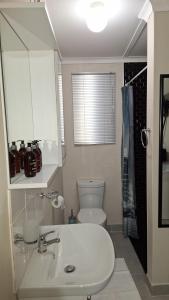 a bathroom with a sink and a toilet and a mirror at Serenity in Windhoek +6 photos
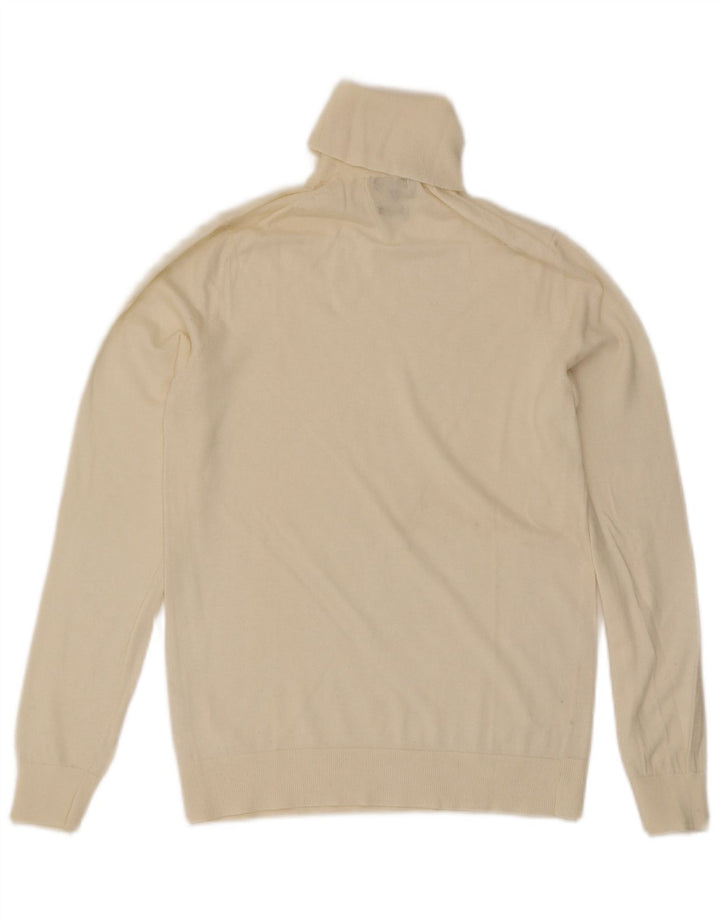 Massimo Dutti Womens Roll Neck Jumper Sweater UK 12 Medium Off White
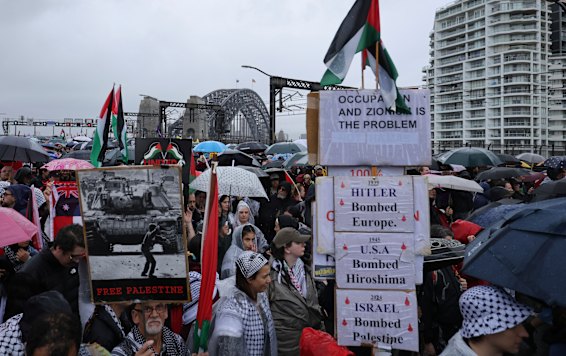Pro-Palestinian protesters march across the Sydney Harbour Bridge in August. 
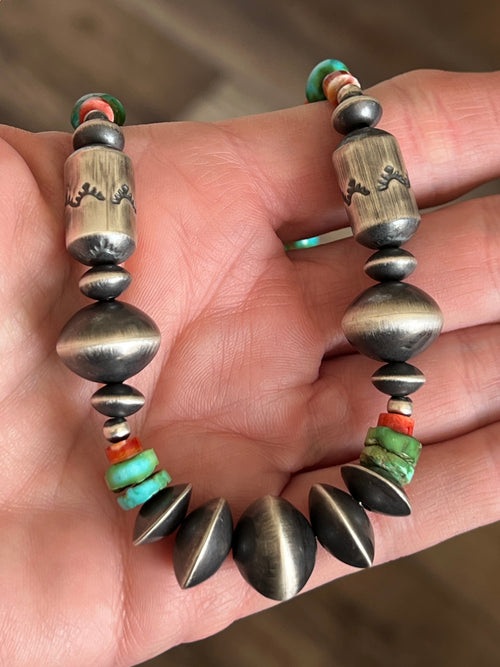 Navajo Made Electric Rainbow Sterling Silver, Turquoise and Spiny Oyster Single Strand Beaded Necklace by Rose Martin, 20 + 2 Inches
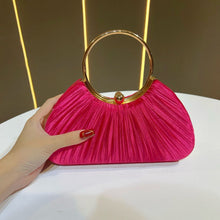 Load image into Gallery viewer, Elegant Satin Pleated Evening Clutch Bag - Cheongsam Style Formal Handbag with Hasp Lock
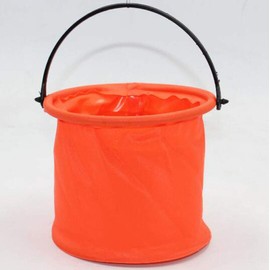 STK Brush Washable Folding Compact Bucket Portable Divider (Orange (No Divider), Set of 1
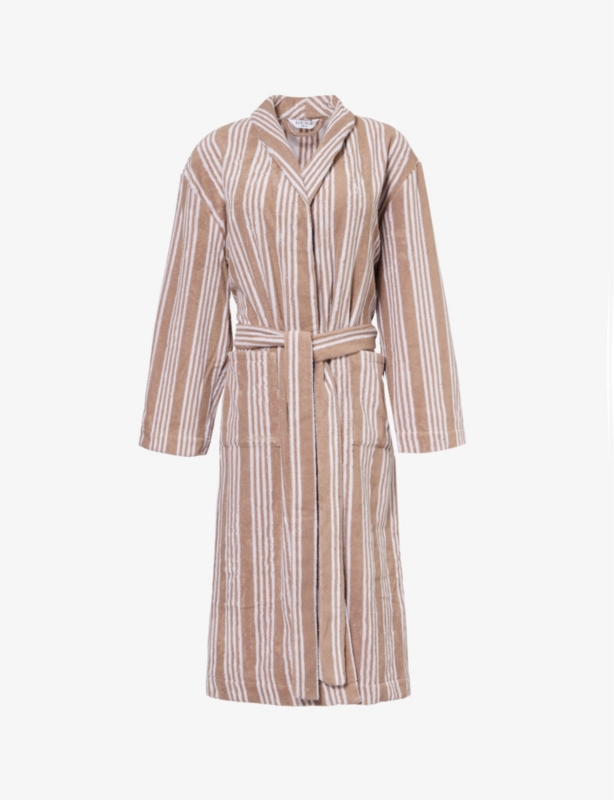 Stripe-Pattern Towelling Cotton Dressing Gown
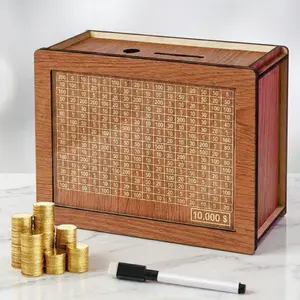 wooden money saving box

▶ [TASK GOAL] An exact copy of every entry above is needed, with the pictures left out.

▶ [TASK RESPONSE]
 a bathroom with a sink and a toilet and a mirror at Serenity in Windhoek +6 photos
 Massimo Dutti Womens Roll Neck Jumper Sweater UK 12 Medium Off White
Pro-Palestinian protesters march across the Sydney Harbour Bridge in August. 
 Navajo Made Electric Rainbow Sterling Silver, Turquoise and Spiny Oyster Single Strand Beaded Necklace by Rose Martin, 20 + 2 Inches
 Load image into Gallery viewer, Elegant Satin Pleated Evening Clutch Bag - Cheongsam Style Formal Handbag with Hasp Lock
 STK Brush Washable Folding Compact Bucket Portable Divider (Orange (No Divider), Set of 1
 Stripe-Pattern Towelling Cotton Dressing Gown
 wooden money saving box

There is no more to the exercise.